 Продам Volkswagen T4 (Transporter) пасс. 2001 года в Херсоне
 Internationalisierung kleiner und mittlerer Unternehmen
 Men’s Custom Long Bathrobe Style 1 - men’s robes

--

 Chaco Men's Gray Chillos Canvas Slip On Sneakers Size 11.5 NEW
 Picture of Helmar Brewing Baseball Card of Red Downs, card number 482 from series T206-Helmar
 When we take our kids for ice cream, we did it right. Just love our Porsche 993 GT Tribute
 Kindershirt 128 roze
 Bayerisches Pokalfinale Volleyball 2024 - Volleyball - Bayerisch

**Directions for this task**
Using the data above, reproduce exactly the lines between those holding "When we take" and "Bayerisches Pokalfinale Volleyball", inclusive, and no others.

**Exercise result**
 When we take our kids for ice cream, we did it right. Just love our Porsche 993 GT Tribute
 Kindershirt 128 roze
 Bayerisches Pokalfinale Volleyball 2024 - Volleyball - Bayerisch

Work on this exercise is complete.